In the treatment of patients with acute ischaemic stroke, treatment with exenatide does not appear to have any beneficial effect on neurological function at 7 days but is safe and substantially decreases the frequency of hyperglycaemic events, without leading to hypoglycaemia, according to the results of the phase II TEXAIS trial.
In TEXAIS, 350 adult patients (median age 71 years) with acute ischaemic stroke were randomly assigned to receive exenatide (5 µg subcutaneous injection twice a day; n=177) or standard care (n=173). Treatment was administered ≤9 hours of stroke onset and given for 5 days or until hospital discharge.

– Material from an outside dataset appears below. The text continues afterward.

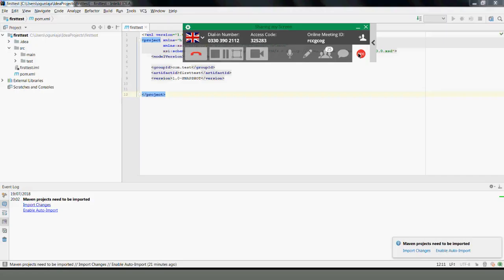Welcome guys. We're going to start automation with Selenium using Cucumber, and we're going to do end-to-end testing. We are not going to be using page objects — it's going to be traditional end-to-end Selenium with Java and using Cucumber for this particular training.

The primary endpoint was the proportion of patients achieving ≥8-point improvement in National Institutes of Health Stroke Scale score (NIHSS scores 0–1) at 7 days poststroke. Death, episodes of hyperglycaemia and hypoglycaemia, and adverse events were also assessed as safety endpoints.
The median NIHSS score at baseline was 4. In the intention-to-treat analysis, 104 of 170 (61.2 percent) patients in the exenatide group and 97 of 171 (56.7 percent) in the standard care group achieved the primary outcome, but the difference did not reach significance (adjusted odds ratio, 1.22, 95 percent confidence interval [CI], 0.79–1.88; p=0.38).
However, exenatide was associated with significantly lower per-patient mean daily frequency of hyperglycaemia across all quartiles compared with standard care. None of the patients had hypoglycaemic episodes during the treatment period.
Adverse events included nausea and vomiting (3.5 percent with exenatide vs 0 percent with standard care), both being mild and not resulting in treatment withdrawal.